### YOUR GOAL
Take the data below and copy exactly the lines starting at the one with "VALLELY Gum White Leather Ice Logo Sneaker" and finishing at the one with "YarnArt Symphony Dream", both included.

### DATA EXTRACTS

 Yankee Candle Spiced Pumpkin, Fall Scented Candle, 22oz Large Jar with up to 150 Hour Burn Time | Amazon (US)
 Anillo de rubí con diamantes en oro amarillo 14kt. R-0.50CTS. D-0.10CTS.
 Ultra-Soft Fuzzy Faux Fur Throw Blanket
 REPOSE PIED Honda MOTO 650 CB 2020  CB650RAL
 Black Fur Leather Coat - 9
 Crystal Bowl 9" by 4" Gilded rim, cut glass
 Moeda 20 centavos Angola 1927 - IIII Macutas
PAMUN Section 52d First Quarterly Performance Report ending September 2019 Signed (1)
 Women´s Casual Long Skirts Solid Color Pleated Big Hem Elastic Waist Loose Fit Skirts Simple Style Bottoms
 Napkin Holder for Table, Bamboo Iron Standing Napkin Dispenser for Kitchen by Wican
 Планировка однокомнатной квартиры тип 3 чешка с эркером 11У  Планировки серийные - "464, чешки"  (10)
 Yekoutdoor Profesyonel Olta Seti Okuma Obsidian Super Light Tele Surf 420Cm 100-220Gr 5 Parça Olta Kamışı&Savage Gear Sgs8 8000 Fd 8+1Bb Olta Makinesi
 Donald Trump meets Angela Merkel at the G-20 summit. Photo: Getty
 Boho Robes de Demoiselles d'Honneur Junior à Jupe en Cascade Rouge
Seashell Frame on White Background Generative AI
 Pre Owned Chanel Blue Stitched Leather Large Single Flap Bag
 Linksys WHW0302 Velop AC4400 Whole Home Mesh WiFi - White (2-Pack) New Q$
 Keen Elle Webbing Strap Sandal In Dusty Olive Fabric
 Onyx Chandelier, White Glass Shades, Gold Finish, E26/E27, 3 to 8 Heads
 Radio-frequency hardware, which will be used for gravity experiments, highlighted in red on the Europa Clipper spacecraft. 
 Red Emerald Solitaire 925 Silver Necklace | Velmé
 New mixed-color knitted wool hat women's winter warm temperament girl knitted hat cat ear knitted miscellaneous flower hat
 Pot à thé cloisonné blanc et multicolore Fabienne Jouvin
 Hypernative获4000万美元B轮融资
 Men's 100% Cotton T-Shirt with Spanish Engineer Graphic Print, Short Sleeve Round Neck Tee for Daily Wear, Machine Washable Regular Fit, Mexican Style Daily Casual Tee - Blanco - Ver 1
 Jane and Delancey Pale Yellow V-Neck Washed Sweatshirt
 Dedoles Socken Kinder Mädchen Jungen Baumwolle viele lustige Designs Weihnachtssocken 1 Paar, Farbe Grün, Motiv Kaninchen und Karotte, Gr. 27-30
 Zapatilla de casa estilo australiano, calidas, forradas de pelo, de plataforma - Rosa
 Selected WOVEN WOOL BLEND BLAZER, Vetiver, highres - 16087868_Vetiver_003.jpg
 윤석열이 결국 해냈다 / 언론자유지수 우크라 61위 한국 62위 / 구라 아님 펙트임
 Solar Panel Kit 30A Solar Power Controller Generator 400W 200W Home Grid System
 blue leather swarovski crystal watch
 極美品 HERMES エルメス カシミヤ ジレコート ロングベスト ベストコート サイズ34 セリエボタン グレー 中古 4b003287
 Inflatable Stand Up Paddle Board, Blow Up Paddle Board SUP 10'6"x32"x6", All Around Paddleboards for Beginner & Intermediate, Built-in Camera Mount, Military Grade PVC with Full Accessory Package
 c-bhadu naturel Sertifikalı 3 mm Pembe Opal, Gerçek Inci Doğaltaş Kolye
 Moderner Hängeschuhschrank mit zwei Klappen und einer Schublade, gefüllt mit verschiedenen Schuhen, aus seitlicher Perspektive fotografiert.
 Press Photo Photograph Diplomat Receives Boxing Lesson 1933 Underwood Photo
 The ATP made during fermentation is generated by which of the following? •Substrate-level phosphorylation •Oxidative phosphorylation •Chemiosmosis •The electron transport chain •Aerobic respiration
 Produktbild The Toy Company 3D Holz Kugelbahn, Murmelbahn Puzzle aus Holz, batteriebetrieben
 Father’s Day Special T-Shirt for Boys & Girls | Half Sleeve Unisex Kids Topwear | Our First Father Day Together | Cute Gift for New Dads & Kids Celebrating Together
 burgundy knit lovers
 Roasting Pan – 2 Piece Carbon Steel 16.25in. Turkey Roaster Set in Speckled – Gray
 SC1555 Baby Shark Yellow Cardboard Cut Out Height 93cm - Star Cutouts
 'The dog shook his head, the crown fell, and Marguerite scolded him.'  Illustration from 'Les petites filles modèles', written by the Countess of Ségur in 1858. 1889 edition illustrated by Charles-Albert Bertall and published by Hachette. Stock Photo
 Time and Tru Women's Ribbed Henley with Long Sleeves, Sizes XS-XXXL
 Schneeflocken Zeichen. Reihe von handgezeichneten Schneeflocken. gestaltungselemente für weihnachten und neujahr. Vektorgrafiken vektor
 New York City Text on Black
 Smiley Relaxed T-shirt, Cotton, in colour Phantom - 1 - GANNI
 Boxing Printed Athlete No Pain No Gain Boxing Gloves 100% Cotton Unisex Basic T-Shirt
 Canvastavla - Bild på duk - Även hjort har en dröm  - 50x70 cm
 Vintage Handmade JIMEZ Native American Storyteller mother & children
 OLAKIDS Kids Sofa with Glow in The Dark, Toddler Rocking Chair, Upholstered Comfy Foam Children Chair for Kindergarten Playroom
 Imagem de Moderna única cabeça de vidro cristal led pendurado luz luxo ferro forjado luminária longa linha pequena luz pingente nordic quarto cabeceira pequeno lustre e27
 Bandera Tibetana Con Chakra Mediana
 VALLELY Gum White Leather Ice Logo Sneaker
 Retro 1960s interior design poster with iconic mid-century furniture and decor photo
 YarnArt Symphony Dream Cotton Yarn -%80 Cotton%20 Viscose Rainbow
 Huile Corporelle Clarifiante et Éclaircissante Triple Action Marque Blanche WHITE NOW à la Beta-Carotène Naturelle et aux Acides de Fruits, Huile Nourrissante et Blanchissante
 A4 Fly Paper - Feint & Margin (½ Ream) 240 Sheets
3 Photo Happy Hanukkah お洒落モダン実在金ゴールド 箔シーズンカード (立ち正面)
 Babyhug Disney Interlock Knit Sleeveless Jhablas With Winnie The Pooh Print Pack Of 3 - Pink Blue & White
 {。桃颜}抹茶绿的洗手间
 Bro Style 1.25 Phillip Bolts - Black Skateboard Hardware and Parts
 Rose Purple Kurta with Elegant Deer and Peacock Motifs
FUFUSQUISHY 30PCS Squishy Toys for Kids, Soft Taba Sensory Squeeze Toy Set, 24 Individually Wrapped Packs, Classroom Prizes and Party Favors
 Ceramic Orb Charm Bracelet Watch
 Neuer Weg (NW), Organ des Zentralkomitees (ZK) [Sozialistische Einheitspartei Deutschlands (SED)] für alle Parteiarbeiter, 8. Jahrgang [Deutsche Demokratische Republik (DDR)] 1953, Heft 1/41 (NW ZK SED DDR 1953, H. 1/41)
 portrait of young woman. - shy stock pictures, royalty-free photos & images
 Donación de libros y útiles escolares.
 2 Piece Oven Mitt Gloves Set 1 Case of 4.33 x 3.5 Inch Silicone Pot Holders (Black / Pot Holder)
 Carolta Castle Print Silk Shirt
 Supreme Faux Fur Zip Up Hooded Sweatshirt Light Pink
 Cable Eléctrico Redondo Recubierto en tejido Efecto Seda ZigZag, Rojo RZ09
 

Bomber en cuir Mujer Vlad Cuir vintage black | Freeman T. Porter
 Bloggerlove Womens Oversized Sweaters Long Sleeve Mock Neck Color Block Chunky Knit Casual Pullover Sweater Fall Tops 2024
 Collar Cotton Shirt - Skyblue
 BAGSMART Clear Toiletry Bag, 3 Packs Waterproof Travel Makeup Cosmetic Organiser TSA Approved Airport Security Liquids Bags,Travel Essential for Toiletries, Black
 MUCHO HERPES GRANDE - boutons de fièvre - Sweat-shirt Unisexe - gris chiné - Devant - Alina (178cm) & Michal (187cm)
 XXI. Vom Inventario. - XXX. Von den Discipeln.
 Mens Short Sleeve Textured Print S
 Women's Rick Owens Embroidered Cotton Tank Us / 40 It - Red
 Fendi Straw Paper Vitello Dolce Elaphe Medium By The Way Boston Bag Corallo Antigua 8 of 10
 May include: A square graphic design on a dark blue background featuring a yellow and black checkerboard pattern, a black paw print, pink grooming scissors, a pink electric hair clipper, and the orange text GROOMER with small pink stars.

### RESULT OF THIS EXERCISE
 VALLELY Gum White Leather Ice Logo Sneaker
 Retro 1960s interior design poster with iconic mid-century furniture and decor photo
 YarnArt Symphony Dream Cotton Yarn -%80 Cotton%20 Viscose Rainbow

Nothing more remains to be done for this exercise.